Sotheby’s Teamsters and OWS protest The Scream auction

    Amidst a crowd of protesters and oversized signs, Pat Walsh shouted, “What’s disgusting? Union busting?”

    At a glance, Walsh, a woman with well-kept gray hair and an open smile, didn’t strike one as the usual angry protester. But that night, Walsh was fighting.

    “My husband, John, has been locked out from Sotheby’s,” says Walsh. “He’s been a worker for 30 years. I’m here to fight for him.” Currently, the couple lives on the money and benefits from her part-time job at Hunter College.

    On July 29 of last year, 42 art handlers at Sotheby’s Auction House were locked out after the expiration of a three-year contract. The art handlers, members of Local 814 of the International Brotherhood of Teamsters, have been without jobs, paychecks or benefits for almost nine months.

    In an effort to bring the board of Sotheby’s back to the negotiating table, the art handlers and members of Local 814 met on May 2 to protest and picket at Sotheby’s in New York City. Allies from Occupy Wall Street and other unions joined them. That night, also, Sotheby’s auctioned off Edvard Munch’s The Scream for a record-setting price of almost $120 million.

    Protesters were kept away from Sotheby’s entrance door on 72nd Street and York Avenue. While attendants filed inside, protesters were directed by police officers to the corner on 71st and York Avenue. This location, and the presence of the officers, kept protesters from engaging directly with those entering the doors of the auction house.

    Shop steward David Martinez has worked for Sotheby’s for almost 20 years. Art handlers like him are trained to transport art from homes and archaeological sites to the auction house. “We handle everything from major Southeast Asian stone artifacts that just came out of a temple to tribal artifacts from Native Americans,” Martinez says. “We handle fragile, immovable things. That’s something you just can’t get anyone to do.”

    “I’m trying to send a simple message — I want to go back to work,” Martinez adds. “There is no other choice. They want to keep us out like that, I say bring it on.”

    The idea for the protest emerged from the “99 Pickets” that were organized by OWS as part of its May Day actions. The intention of the pickets was “to connect May Day with the workers’ struggle,” explains Rose Bookbinder, an organizer with OWS and the United Autoworkers Union. “The pickets started on Tax Day, and we kept going. We organized 99 Pickets to make the people of New York aware of the injustice that’s going on in labor.”

    The picket at Sotheby’s occurred on May 2 in order to show New Yorkers that the struggle for workers’ rights would not end after May 1, Bookbinder notes.

    People from OWS have participated in actions with the Sotheby’s Teamsters since last September as a way of building stronger relationships between the movement and organized labor. According to Harrison Magee, who is part of OWS and the International Workers of the World, actions against Sotheby’s in recent months have “involved a lot of different formations within the organizing community.” Union organizers wanted to broaden the scope of the Occupiers’ struggle. Artists and labor activists within OWS recognized the importance of targeting the influence of corporate wealth in the art world. According to Magee, getting OWS to support the Sotheby’s struggle is a critical way of developing the movement’s capacity for meaningful organizing.

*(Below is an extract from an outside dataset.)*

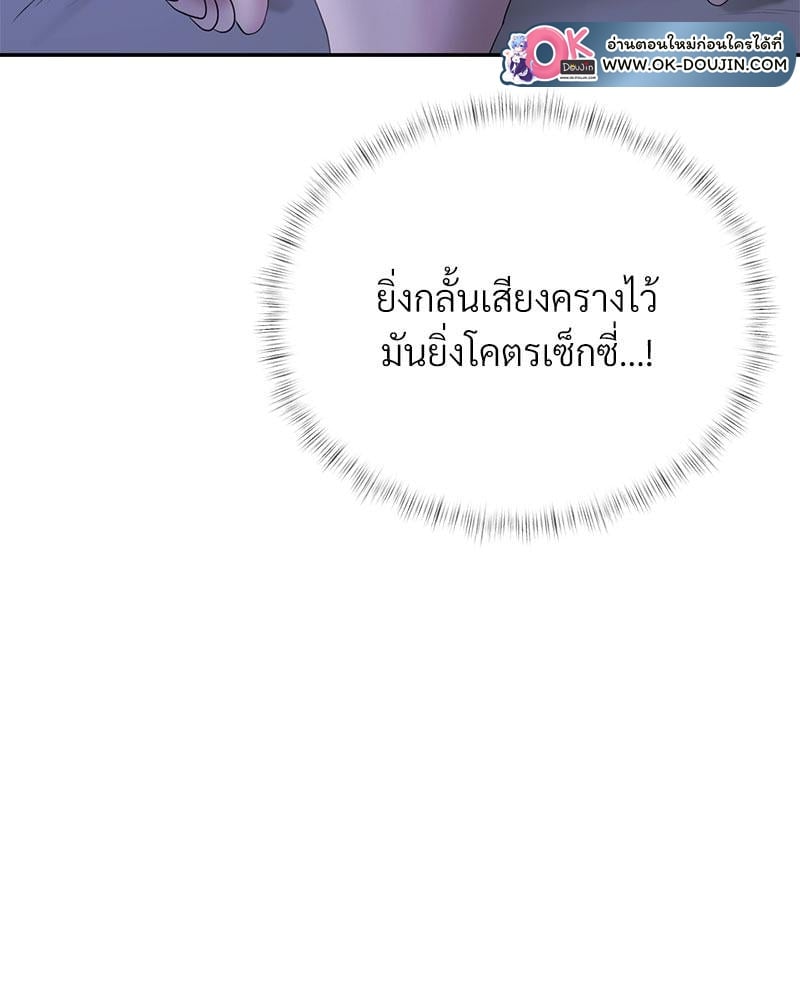 In Search of Love – In Search of Love – ตอนที่ 22 หน้า 115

    “The fighting mentality and brand of toughness that the Teamsters have is the kind you only learn as an employee — someone who is in direct, physical confrontation with the 1 percent,” says Magee. “Not a lot of OWS has that at its organizing core, which is made up of people who are dedicated to OWS as if it was a full-time job.”

    By uniting with the Sotheby’s Teamsters, OWS not only supports workers who have been wronged by the 1 percent, but also strengthens itself for an ongoing role in labor and arts activism. In the process, OWS is “creating a cross-movement that is more coordinated and able to deal with its future as a strong grassroots movement,” Magee says. “Even though the [Sotheby’s] outcome is hugely important, I think we should realize that the lockout itself is really just the red herring for everything to come.”

    The sale of The Scream inspired the picketers to do their own “people’s scream,” raising their arms and screaming for two minutes. One Occupier said that the scream was a way for “all of us to bring creative tactics to the pickets to sustain visibility and express our anger.”

    It remains uncertain, however, when or if Sotheby’s will start negotiating again. “[Sotheby’s] needs experienced people, and these are the experienced guys,” Pat Walsh said. “So why do [the board members of Sotheby’s] have to be greedy? Give them their jobs back, give them their retirement, give them their benefits, give them something. They put heart into the place.”